Though the chains were set by those I mourn.
She finished reviewing the film footage from their visor cams. The last mechanical creature interested her more than the others. In her view the rest had been residual data plaques, their personalities eroded to preserve their power. Nothing lasted all that time unless it was on the merest trickle of energy. These that Noah collected from the second lab would be dead copies, as much dust as the rest of the Haven.
“Can you help, Yasuko? We need to know if there are any clues about what we can do next,” asked Zuri.
Always asking, never instructing.

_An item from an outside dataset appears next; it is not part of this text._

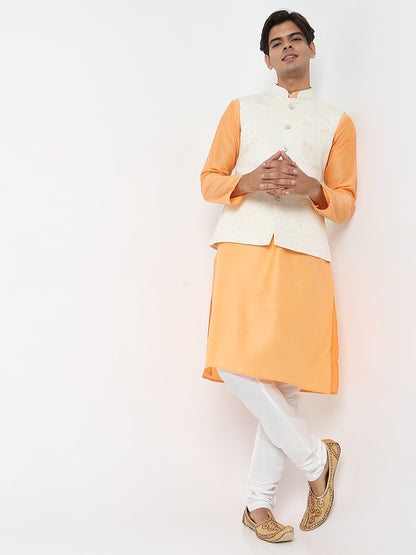 Men's Orange Polyester Cotton Embroidered Kurta Pyjama Set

The human way, or at least that of the one fate chose as her Captain. Yasuko pointed to the one she needed. “Can you put that one in the panel Noah?”
Noah did as he was asked and where Smith usually appeared a Haven stood, hunched and low. Ancient by human standards. A low thrum assailed the humans in the room, hurting their ears but the sound always distant, not quite within their range.
“Scientific Officer Xxar,” said Yasuko, Zuri felt she was speaking in two languages at once as the hum remained, “there is no one here with implants, and your frequency is far too low for these humans to hear. Your words are beyond their knowledge. I will adjust so that you hear our words as you should, but they will hear in English.” Yasuko sought agreement from Zuri as she spoke, reading her facial response she carried on, “This should be pretty much simultaneous. He will label me Yasuko, though he uses no name in reality as I am just a tool to him, an ‘it’. Any names will be as you know them. I will change times to Earth standard.”
“Yasuko, when are we?” the voice was a stylised low rumble.
“It is the thirty-fourth millennium since the anomaly was found. I am thirty-three thousand years late.”
“Ah, that’s why I feel so old. I made this plaque thirty-two thousand years ago. I lived in that machine copy to copy for a thousand years. I think my mind left me sometime after the second century,” the deep reply reverberated through the room.
“May I enquire what happened at the Station? To the Haven?” Yasuko’s voice was subservient, not in awe but as a slave to a master.